> _YOUR INSTRUCTIONS_: Which lines of the entries below run from the one holding "LEMFO Remote Controls" to the one holding "OPPO supports biggest", inclusive? Set down exactly those lines and no others.

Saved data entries
+--

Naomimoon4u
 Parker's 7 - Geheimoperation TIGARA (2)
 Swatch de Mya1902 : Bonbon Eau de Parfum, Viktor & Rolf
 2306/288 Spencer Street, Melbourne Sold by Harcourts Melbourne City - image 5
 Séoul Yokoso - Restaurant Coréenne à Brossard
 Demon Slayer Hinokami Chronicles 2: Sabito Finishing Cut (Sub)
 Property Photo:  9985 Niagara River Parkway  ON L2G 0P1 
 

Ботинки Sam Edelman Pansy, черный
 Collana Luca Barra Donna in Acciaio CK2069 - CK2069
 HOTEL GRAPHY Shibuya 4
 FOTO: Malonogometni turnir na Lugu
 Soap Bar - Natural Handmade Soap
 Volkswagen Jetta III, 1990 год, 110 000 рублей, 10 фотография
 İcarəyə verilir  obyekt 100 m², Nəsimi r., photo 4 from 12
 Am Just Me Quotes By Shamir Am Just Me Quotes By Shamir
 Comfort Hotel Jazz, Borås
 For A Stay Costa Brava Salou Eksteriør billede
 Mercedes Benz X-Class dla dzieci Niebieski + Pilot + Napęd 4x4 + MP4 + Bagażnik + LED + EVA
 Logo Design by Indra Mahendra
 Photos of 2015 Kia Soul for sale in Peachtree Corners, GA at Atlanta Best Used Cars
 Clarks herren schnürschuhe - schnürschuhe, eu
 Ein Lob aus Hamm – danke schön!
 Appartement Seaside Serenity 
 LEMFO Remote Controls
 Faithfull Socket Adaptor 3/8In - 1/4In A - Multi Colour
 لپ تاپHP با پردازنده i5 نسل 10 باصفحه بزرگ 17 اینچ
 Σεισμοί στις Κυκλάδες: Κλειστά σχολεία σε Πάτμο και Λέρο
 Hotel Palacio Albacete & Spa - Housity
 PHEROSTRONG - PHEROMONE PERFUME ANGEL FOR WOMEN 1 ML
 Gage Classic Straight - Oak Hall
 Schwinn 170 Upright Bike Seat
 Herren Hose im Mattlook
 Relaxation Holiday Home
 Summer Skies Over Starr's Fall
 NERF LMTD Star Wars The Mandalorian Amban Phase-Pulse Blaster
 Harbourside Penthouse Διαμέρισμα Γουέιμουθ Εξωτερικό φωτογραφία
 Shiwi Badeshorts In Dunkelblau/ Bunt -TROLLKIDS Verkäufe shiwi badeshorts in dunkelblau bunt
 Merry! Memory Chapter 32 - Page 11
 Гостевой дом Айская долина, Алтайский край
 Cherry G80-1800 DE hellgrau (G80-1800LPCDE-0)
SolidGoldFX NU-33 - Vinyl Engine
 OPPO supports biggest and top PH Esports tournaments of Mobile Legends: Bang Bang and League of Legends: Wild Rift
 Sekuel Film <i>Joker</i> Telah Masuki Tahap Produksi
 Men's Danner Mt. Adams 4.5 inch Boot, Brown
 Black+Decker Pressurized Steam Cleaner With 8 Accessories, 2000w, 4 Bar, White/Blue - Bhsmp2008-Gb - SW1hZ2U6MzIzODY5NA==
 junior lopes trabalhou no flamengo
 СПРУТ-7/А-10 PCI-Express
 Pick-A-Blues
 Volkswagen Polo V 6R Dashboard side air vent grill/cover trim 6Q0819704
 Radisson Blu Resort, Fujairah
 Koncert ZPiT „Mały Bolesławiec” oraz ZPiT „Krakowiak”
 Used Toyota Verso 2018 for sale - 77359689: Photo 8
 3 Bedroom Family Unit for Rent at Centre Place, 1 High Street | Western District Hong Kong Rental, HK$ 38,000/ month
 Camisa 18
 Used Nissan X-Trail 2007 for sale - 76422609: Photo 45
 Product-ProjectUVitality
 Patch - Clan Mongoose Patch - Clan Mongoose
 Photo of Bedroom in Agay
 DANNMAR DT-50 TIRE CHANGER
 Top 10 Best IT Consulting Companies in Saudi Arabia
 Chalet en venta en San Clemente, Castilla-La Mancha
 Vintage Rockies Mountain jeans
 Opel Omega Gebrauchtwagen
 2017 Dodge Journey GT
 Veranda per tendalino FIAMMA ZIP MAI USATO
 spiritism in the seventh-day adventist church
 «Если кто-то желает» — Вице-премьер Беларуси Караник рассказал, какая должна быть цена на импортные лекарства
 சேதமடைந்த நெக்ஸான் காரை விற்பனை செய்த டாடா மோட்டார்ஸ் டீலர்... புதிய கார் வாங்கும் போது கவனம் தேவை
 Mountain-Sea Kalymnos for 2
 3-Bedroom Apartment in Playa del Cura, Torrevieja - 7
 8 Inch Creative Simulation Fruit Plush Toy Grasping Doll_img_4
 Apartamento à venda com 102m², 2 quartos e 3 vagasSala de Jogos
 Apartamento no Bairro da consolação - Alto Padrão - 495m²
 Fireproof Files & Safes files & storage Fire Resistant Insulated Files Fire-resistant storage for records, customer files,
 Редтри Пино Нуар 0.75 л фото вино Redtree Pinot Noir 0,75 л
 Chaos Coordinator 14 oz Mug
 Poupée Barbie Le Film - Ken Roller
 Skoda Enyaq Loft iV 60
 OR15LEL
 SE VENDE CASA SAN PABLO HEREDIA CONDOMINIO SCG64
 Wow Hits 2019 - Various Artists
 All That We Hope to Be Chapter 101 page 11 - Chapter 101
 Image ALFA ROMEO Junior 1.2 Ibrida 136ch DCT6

+--

> _PROBLEM SOLUTION_:
 LEMFO Remote Controls
 Faithfull Socket Adaptor 3/8In - 1/4In A - Multi Colour
 لپ تاپHP با پردازنده i5 نسل 10 باصفحه بزرگ 17 اینچ
 Σεισμοί στις Κυκλάδες: Κλειστά σχολεία σε Πάτμο και Λέρο
 Hotel Palacio Albacete & Spa - Housity
 PHEROSTRONG - PHEROMONE PERFUME ANGEL FOR WOMEN 1 ML
 Gage Classic Straight - Oak Hall
 Schwinn 170 Upright Bike Seat
 Herren Hose im Mattlook
 Relaxation Holiday Home
 Summer Skies Over Starr's Fall
 NERF LMTD Star Wars The Mandalorian Amban Phase-Pulse Blaster
 Harbourside Penthouse Διαμέρισμα Γουέιμουθ Εξωτερικό φωτογραφία
 Shiwi Badeshorts In Dunkelblau/ Bunt -TROLLKIDS Verkäufe shiwi badeshorts in dunkelblau bunt
 Merry! Memory Chapter 32 - Page 11
 Гостевой дом Айская долина, Алтайский край
 Cherry G80-1800 DE hellgrau (G80-1800LPCDE-0)
SolidGoldFX NU-33 - Vinyl Engine
 OPPO supports biggest and top PH Esports tournaments of Mobile Legends: Bang Bang and League of Legends: Wild Rift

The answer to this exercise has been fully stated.